In recent years, multi user multi input multi output (MIMO) technology that simultaneously transmits data from a base station provided with a plurality of transmission antennas to a plurality of user terminals has been drawing attention. In multi user MIMO (hereinafter, simply referred to as “MU-MIMO”), countermeasure, such as Zero Forcing (ZF), block diagonalization, or the like, that multiplies a transmission weight by a transmission signal in order to prevent interference between data addressed to a plurality of user terminals, is sometimes used. The transmission weight is a weight that adjusts the phase and the amplitude of the transmission signal and, by deciding the transmission weight in accordance with the channels between base stations and user terminals, interference can be reduced by making the transmission signals addressed to the plurality of the user terminals orthogonal.

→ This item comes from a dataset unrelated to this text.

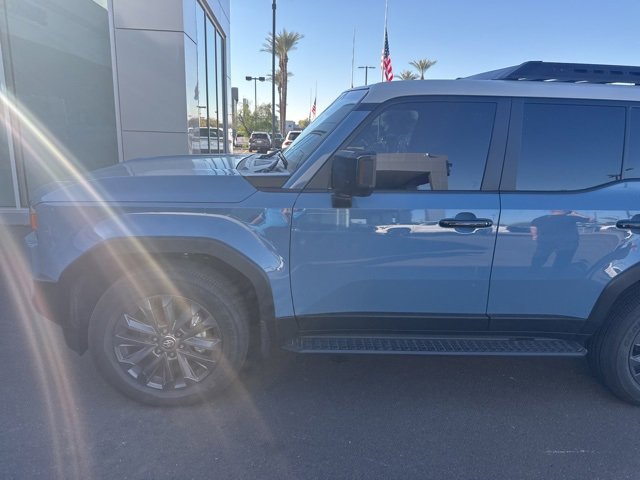 2025 Toyota Land Cruiser SUV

In contrast, coordinated multi-point transmission and reception (CoMP) in which a plurality of cells sends and receives signals to and from a single user terminal in a cooperation manner is also actively studied. Furthermore, in order to increase the capacity of the radio communication system, it is conceivable that a plurality of transmitter stations that performs CoMP simultaneously transmits signals to a plurality of user terminals by using MU-MIMO.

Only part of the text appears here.